Moreover, 21 percent of those surveyed admitted to medicating their kids with paracetamol, such as Panodil, before sending them to school.

The FOLA parents’ organisation is shocked by the findings.

“I think it is absolutely crazy. It simply cannot be that a child goes to school sick and plays with lots of other children. Then we are faced with the fact that they will infect the whole institution,” said FOLA chair Signe Nielsen.

Pill pushers
At the Børnehuset daycare institution in Silkeborg a meeting was called where parents were implored not to bring their sick children to school.
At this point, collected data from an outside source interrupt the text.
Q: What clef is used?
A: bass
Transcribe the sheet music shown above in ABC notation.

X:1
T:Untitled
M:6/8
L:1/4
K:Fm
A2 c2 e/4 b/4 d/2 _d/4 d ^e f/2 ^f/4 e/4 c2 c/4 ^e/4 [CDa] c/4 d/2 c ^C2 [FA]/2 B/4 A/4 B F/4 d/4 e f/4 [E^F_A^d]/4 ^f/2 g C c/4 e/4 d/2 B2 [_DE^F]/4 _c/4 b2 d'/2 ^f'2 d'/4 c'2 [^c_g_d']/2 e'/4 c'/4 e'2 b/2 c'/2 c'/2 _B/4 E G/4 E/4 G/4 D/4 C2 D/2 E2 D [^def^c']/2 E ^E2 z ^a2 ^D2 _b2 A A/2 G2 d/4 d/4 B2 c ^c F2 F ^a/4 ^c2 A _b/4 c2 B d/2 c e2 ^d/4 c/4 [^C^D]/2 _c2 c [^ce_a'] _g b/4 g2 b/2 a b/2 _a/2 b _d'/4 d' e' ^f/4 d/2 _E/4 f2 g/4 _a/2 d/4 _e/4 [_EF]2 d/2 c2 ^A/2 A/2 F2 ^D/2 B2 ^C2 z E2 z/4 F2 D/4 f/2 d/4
At Børnehuset there are fears that parents prefer to pack their kids off with a pill without informing teachers.

“We occasionally have children who that they have had a pill for breakfast,” said headteacher Susanne Bødker. “You might think that it is a Panodil more than a vitamin pill, if it is a child who has just been sick, for example.”

Parents sick and tired
Parents, when confronted, often cite pressure at work as a reason for not being able to stay at home with their children.

Many declare that they simply cannot take another day off, as they are afraid of being fired.

Allan Randrup Thomsen, a professor of virology at KU, has heavily criticised the parents’ actions, describing the current situation as a “vicious circle”.

“It promotes the spread of viruses, and it adds momentum to a cycle where parents are pressured by high levels of sick-leave. If they then choose to send the children to daycare while they are still recovering, they keep the epidemic going in daycares, and this in turn puts a greater burden on the parents.”